He is no longer guarding the president and dignitaries at the White House, but Richard E. Mawhorr is taking his new responsibility of protecting Anne Arundel Community College students just as seriously.
When the former Secret Service lieutenant began his job as head of security for the college last week, it was a homecoming of sorts.
Mawhorr lives only blocks away and is a 1977 graduate of the college, where he studied law enforcement. That education, coupled with experience as a military police officer in the Air Force, helped him climb the ranks in the Secret Service.
He supervised as many as 80 people in Washington, and has traveled to Ireland and France with presidents Ronald Reagan, Richard Nixon and Jimmy Carter.
After his retirement from the Secret Service last summer, he became head of security at The Mall in Columbia. In his new job he will supervise a staff of 11.
Seated in his small office on campus, Mawhorr discussed his new career.

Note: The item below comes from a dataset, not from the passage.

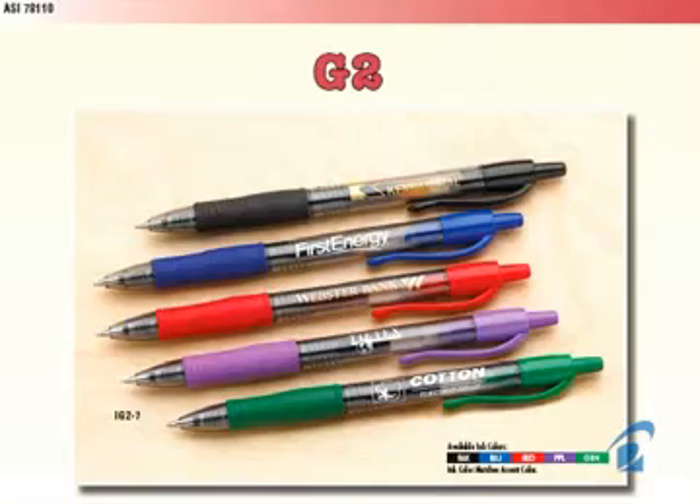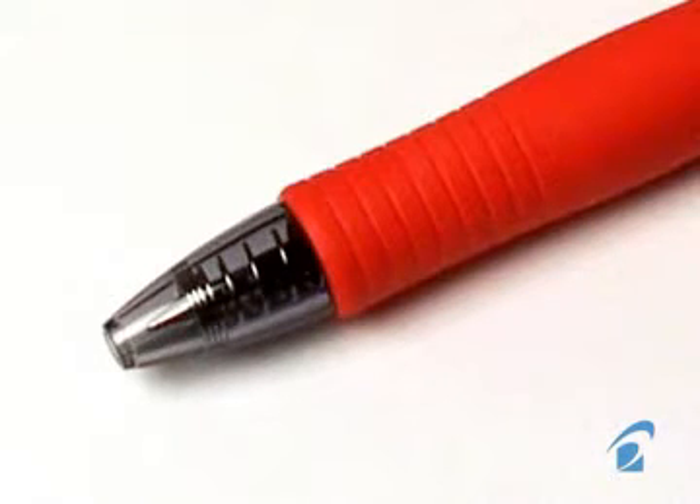Did you know when Pilot introduced the G2 series, a retractable gel ink pen, that it quickly became, and still is, the number one selling gel pen in the U.S.? The unique spring tip ink mechanism provides superior, smooth writing performance.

"I want students to think of this as a place they can come to for help of any fashion," Mawhorr said. "I'm here to assist students the best way I can.

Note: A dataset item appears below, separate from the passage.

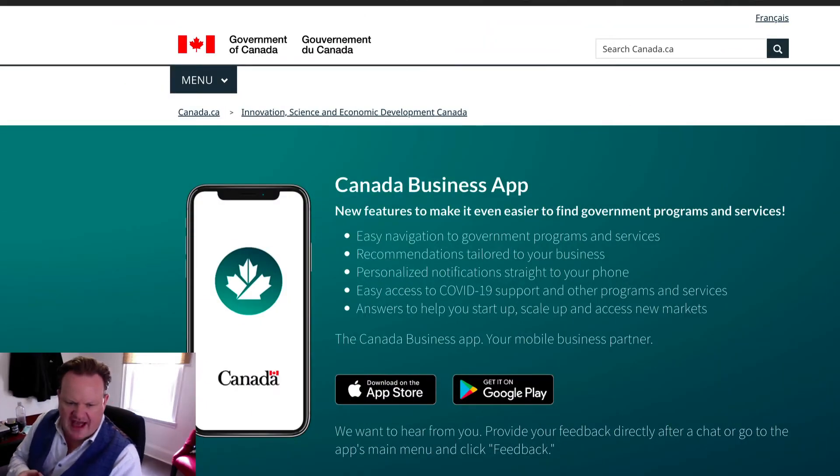I wanted to today go over an app that I discovered — it's been around a while, but one that definitely has interest that we need to consider. It's called the Canada Business App. You can see the website; the link will be in the comments below. I'm going to go through what you get when you download it on an Android or an Apple device.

"We've been very fortunate that there haven't been any major problems on campus. I give a lot of credit to students here."
Mawhorr says campus crime is rare, with one exception being a burglary in the Student Services building that resulted in the loss of $100.

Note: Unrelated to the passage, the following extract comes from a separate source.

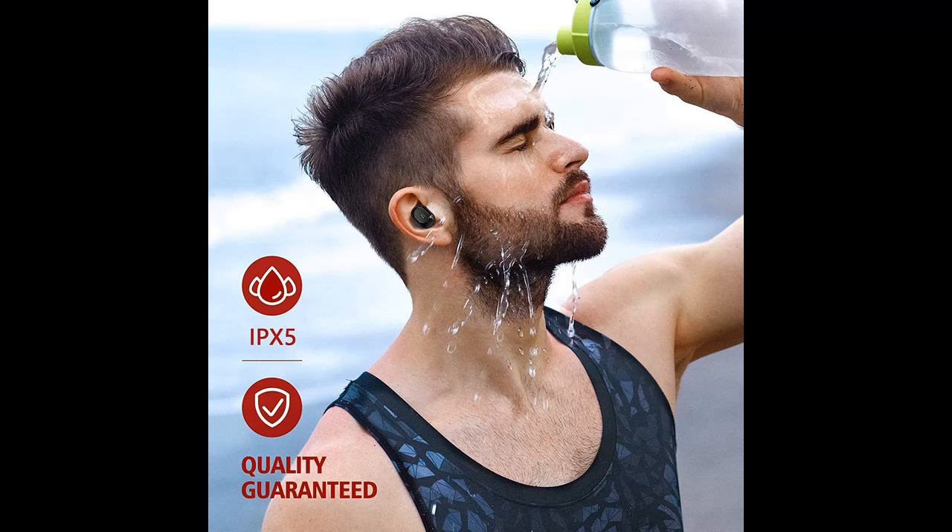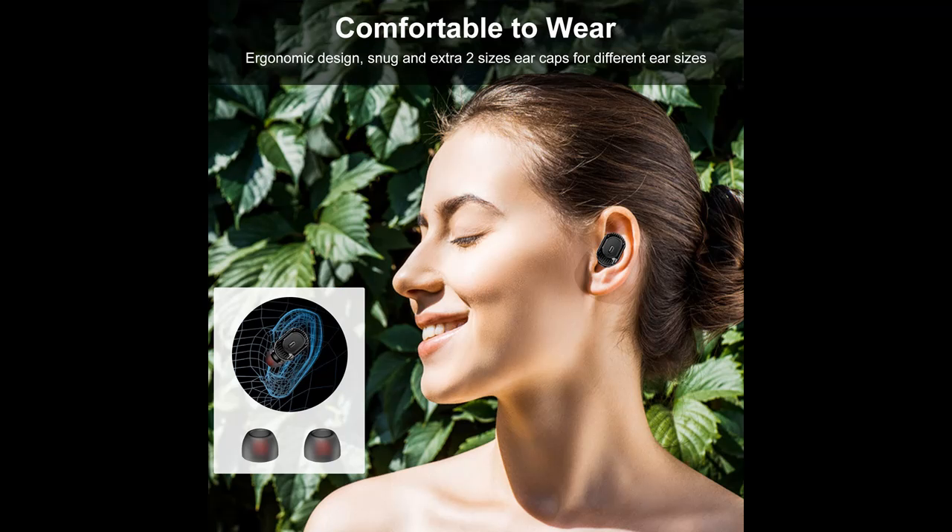The extremely lightweight and ergonomic design helps to keep the earbuds in place and comfortable, including three silicone ear tips in different sizes.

"The other incidents have been assorted misdemeanors, such as missing property, disorderly conduct and trespassing in areas that are off-limits or after school hours," Mawhorr said.
The security force also is known for its expertise in handing outparking tickets -- an average of 5,000 are distributed annually.
Mawhorr already is planning for the influx of students when the fall semester begins, but anticipates that his greatest problem will be what to do with all the cars. Mawhorr said he will add three officers to help during that period to supervise parking and answer student questions.
"My approach is one of open communication, totally," he said. "My primary concern is student safety, but we want to get students involved."